I’ve been in my 401 for about 18 years now, wasted the first couple years being too stupid to know better. We aren’t truly maxing it out yet, but should be close with another raise soon. That’s all going well, really well actually.
I know this goes against the wisdom offered so far from you fellas, but here goes.
A couple months ago Mrs. Tug ( I smile as I type that ) asked what I thought about setting up a day trading account. I think she really means short term trading but whatever.
My response to her was “wait until it’s cold enough to use the fireplace the first time this year. Then decide how much you’re willing to take out of savings and put in the fire. That’s how much we will start a trading account with.”
She’s notoriously tight with a penny so the whole thing caught me off guard. Anyways it got a little cool this weekend and she and the boys built a fire (I’m on the boat).
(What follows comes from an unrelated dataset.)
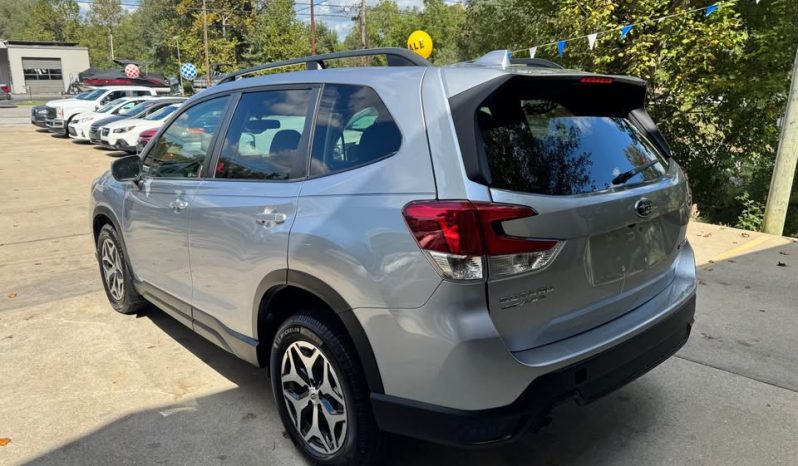 2021 Subaru forester Premium Sport Utility 4D full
So I asked this morning if she decided how much she was willing to “burn”. I expected her to respond somewhere in my definition of the “play money” range. She raised my eyebrows with a number that shocked me. Personally I’d rather drive to Biloxi and dump it all the table but she’s determined to try this out. We’re currently negotiating over the “burn” amount.

I don’t know if my perspective is right here, but I’m trying to decide on a figure that I’m comfortable loosing, while also ultimately saying “I told you so”.
How much is it worth to finally be right once in 20 years of marriage??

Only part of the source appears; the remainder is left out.